Western Notes: Terry, Durant, Green

Despite interviewing for the vacant coaching position at the University of Alabama-Birmingham, Rockets guard Jason Terry would like to continue his playing career beyond this season, Eddie Sefko of The Dallas Morning News relays. When asked if he would retire at the end of the season, Terry said, “No, not at all – unless there’s just an outrageous opportunity that presents itself in the coaching world. Other than that, my goal is to play two more years. So you’ll see a lot more of me.

Terry also noted that he would be open to a return to the Mavericks, but added that his first priority would be finding a team that has a legitimate shot at winning an NBA crown, Sefko writes. “If the opportunity presents itself, it’s something I’ll look at it,” Terry said of a potential return to Dallas. “But obviously, over the last month or two, I’ve been getting approached in all facets of the sports world and so, I’m just keeping my options open, understanding that I’m getting toward the end. I would like to win another championship and then go into coaching. That’s my passion.

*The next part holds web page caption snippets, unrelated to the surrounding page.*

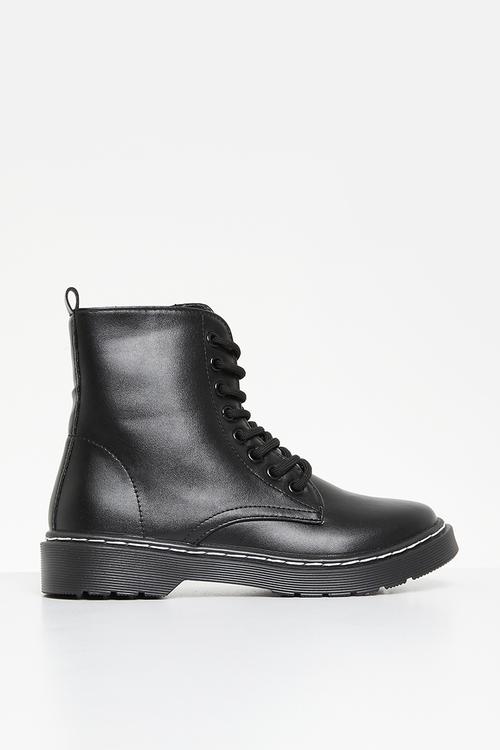 Lace up boots - black
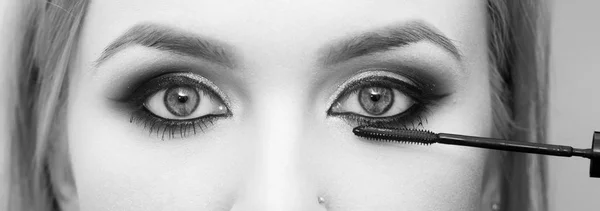 Toepassing van mascara. Meisje met oog make-up — Stockfoto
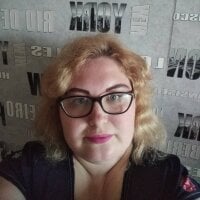 Silvia_Evans_ Adlı Modelin Çevrimdışı Sohbet Odası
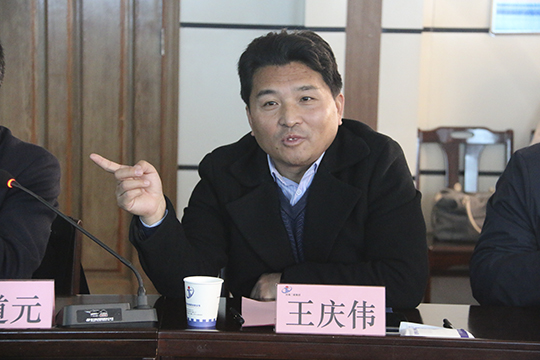 拼搏中国副董事长王庆伟主持会议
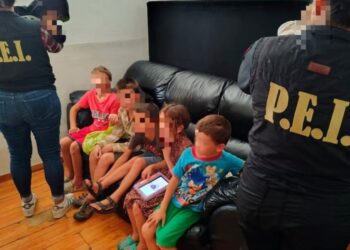 Rescatan a siete menores de Alaska abandonados por su padre en Yucatán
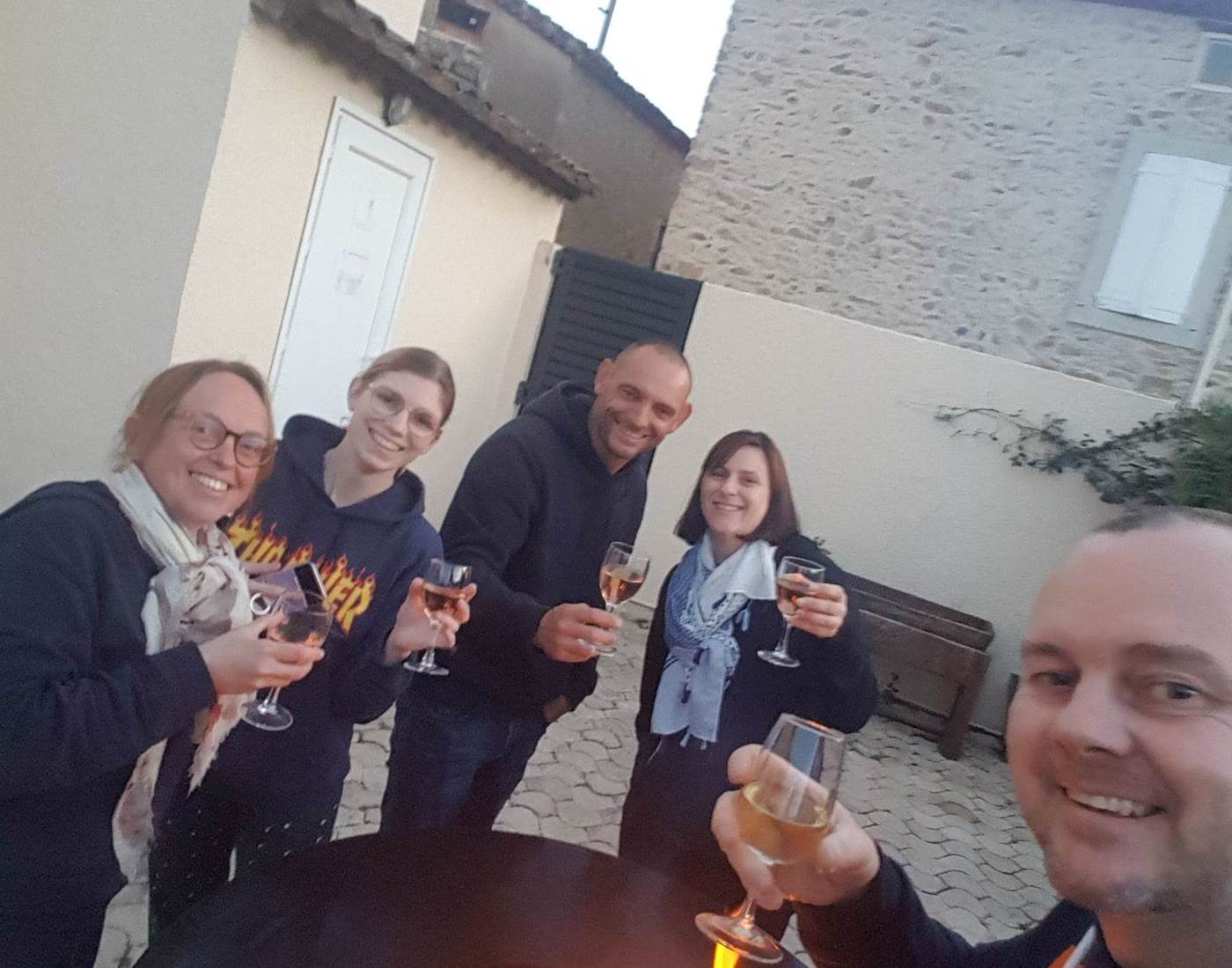 Le Coq du Nord Mailhac c'est aussi des moments en famille 🍷😍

Here’s more from out West:

  • Kevin Durant is set to become an unrestricted free agent this summer and the Thunder will dramatically increase their chances of re-signing him if they win the NBA title this season, former teammate Kendrick Perkins tells Gary Washburn of The Boston Globe (Twitter links). “It’s a possibility. I think it all determines on what happens in these playoffs,” Perkins said regarding Durant’s potential return to Oklahoma City. “They win it all, [Durant] can’t leave [OKC] in my opinion. But if they don’t, it might be time for a change.”
  • There has been some debate about what Draymond Green‘s ideal position should be, but Warriors GM Bob Myers says all that matters is winning, not labeling players, Washburn writes in a separate piece. “I don’t know what position Draymond Green should play,” Myers said. “Is he a better 5, 4, or 3? Who knows? Who cares? He helps you win. Stephen Curry is just a basketball player who has developed a weapon that’s hard to defend. That’s the question that everybody is asking. What does [Green or Curry] do? The answer is that he wins. I think sometimes in our position, we lose sight of that skill. Winning is a skill. We need to put more emphasis on players who win. It doesn’t matter how they do it.